Starting the New Year this morning with a quick look at the news, I saw this AP story: “Poll: Americans see gloom, doom in 2007″
This story reports on an Associated Press-AOL News poll about Americans’ predictions for 2007.
Poll findings include:
- 60% think the U.S. will be the victim of a terrorist attack.
- 60% think it likely that a biological or nuclear weapon will be unleashed elsewhere.
- 70% predict a major natural disaster in the U.S.
- 29 % think it likely that the U.S. will withdraw from Iraq.
- 35 % predict the draft will be reinstated.
- 25 % anticipate the second coming of Christ.
Hmm . . . I can understand people hoping for that last one; it would kind of make everything else irrelevant, wouldn’t it?

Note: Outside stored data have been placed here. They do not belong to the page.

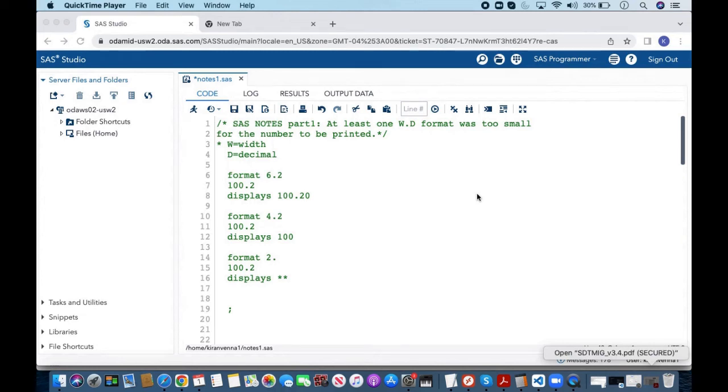Hello everyone, welcome to my channel. Today we are going to talk about SAS notes.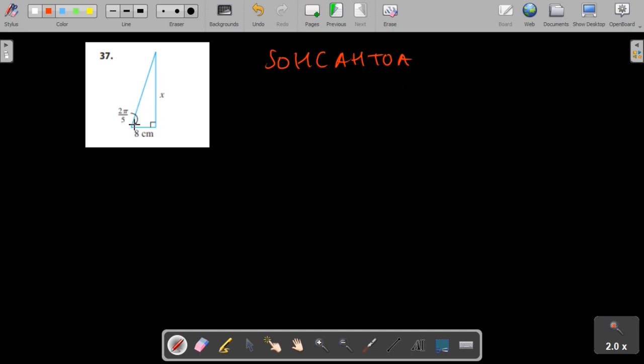If you look at the placement of this angle, x would be opposite that angle and this value would be adjacent. So the most convenient one to use is tan.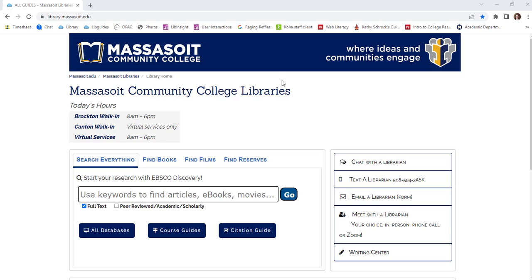This video will show you how to search Discovery. Discovery searches all of the library's databases, ebooks, and online catalog at one time, and can be a great place to start your research.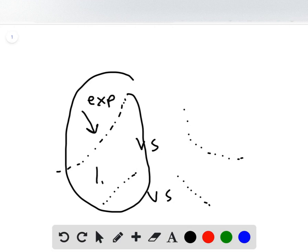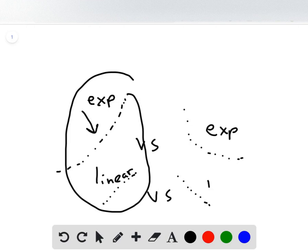They also have linear, which could be an answer choice, and then they also have the exponential one over here and the linear one over here.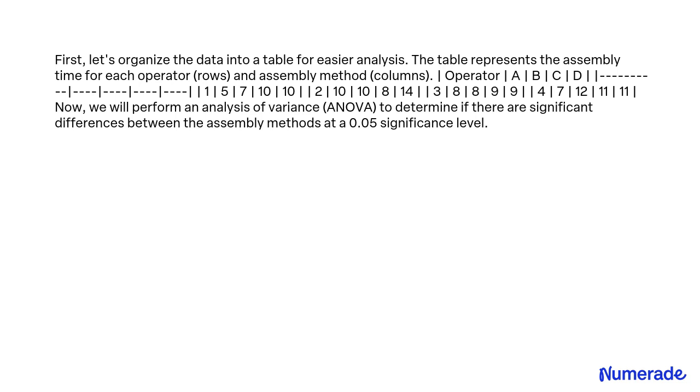Now we will perform an analysis of variance (ANOVA) to determine if there are significant differences between the assembly methods at a 0.05 significance level.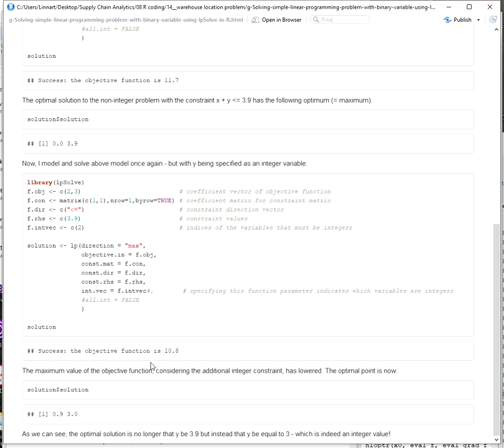In the description of this video, you can find a link to a blog post where the full code for this example is provided.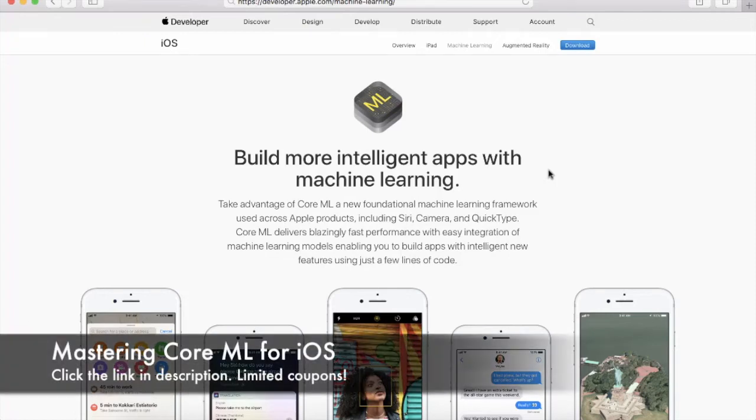Hi and welcome back. In the last section, you learned about what exactly is machine learning and the concept behind models.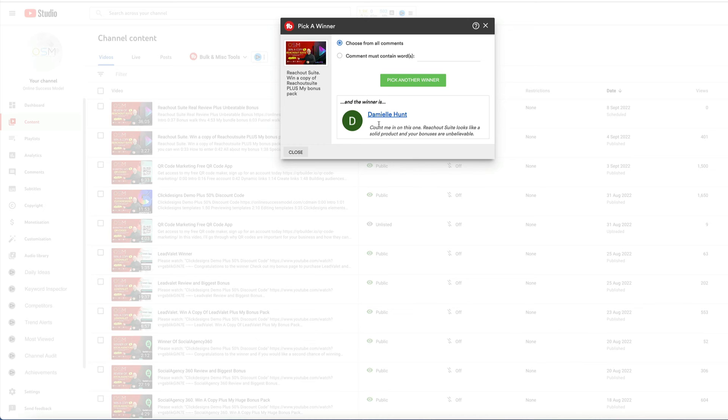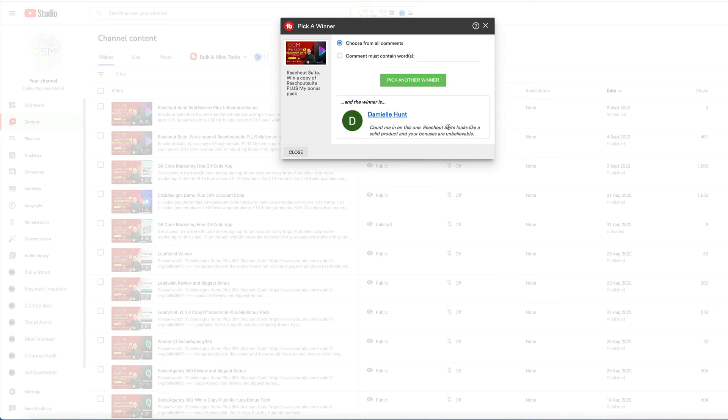And the winner is Damiel Hunt. Count me in on this one. Reach Out Suite looks like a solid product and your bonuses are unbelievable. Congratulations, Damiel. Just open a support ticket. My guys will get you set up with everything you need.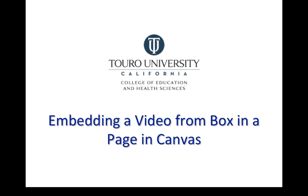So this is a quick video that looks at how to take a video that you've uploaded to Box and then embed that video into a page in Canvas.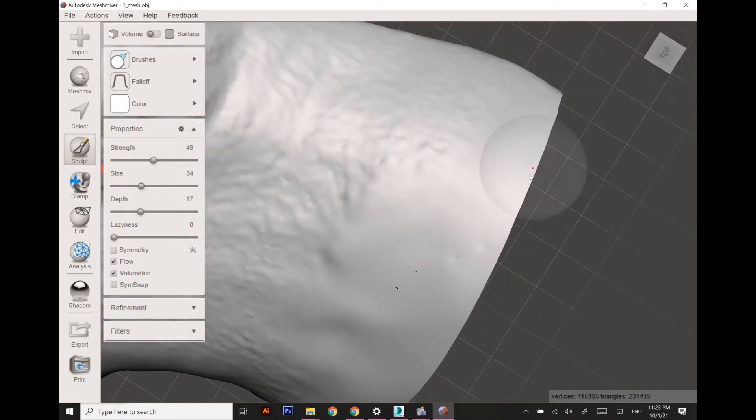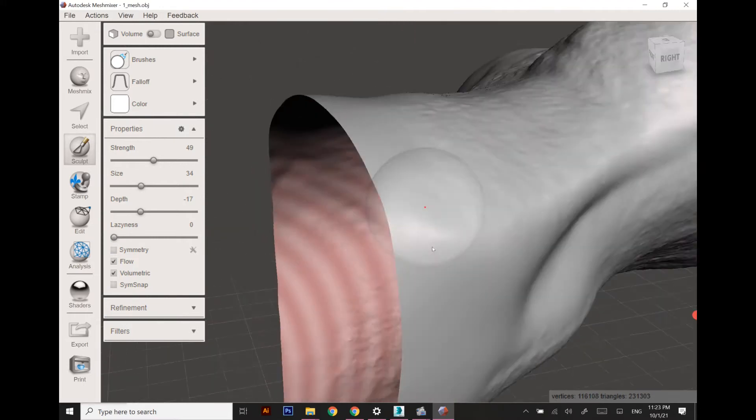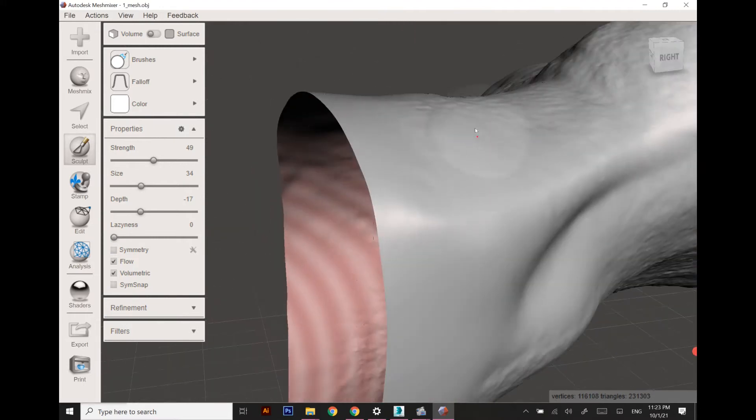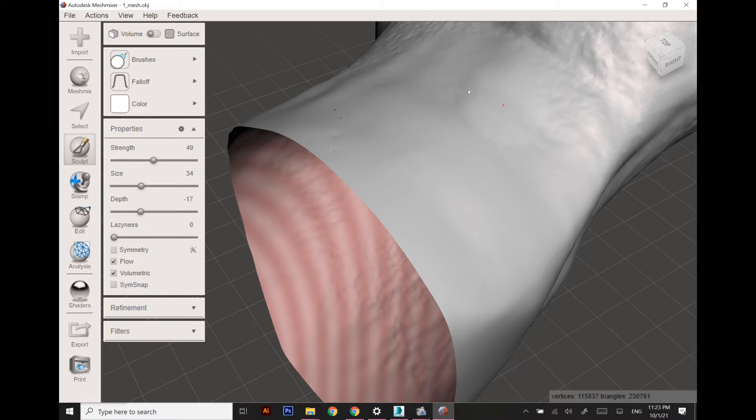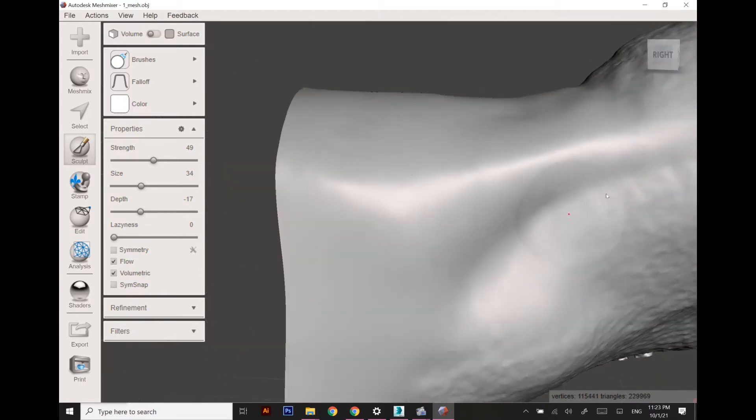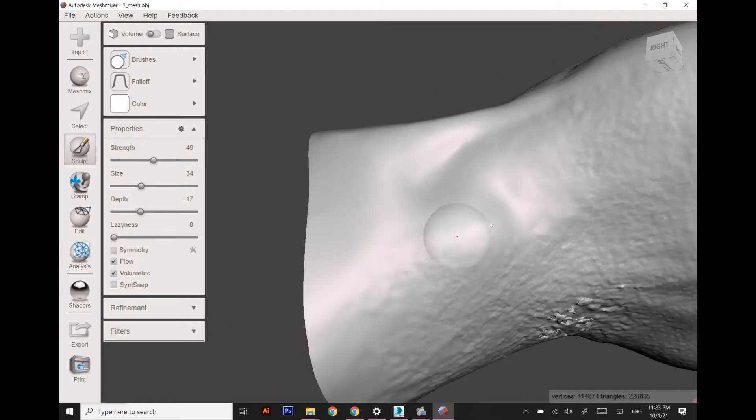These rough areas are going to make a lot of trouble while designing in 3ds Max, so I need to make sure that all of these abnormalities are gone. I'm going to smooth the whole surface.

But then Christians have been anticipating the second coming for over 2000 years now, which really makes me wonder what 25% of Americans think is so special about 2007. . .
In any event, these predictions raises some workplace issues worthy of some thought as businesses enter the new year. Here, I offer some of my research on these issues.
First, what do potential terrorist attacks, biological or nuclear weapons, and major natural disasters such as hurricanes or a flu pandemic have in common?
The need for business continuity and recovery planning.
As we were just reminded by the recent Taiwan earthquake, IT connections can be a point of vulnerability during disasters. So disaster preparedness to reduce IT vulnerability is important.
On the other hand, with proper preparation, IT systems allow distributed work, temporary operational relocation, and telecommuting options that can be invaluable to maintain operations during a disaster. So IT preparedness can have a positive impact, ameliorating disaster-caused operational hardship, not just avoiding IT disasters.
I have put together an extensive set of resources on disaster preparedness, which you may view as an annotated list here, or follow as a Trailfire trail by starting here and clicking the arrow at the top of the “notecards.”
Second, the (somewhat contradictory) poll predictions about the Iraq war and return of the draft reminded me that employers will be seeing increasing numbers of returning servicemen and women.
So employers may find that they need to brush up on their legal obligations under federal laws protecting veterans employment rights.
Lastly, this poll’s remarkable (at least to me) insight into Americans’ contemporary views about the “end times” serves as a reminder of the religious diversity of the modern American workplace.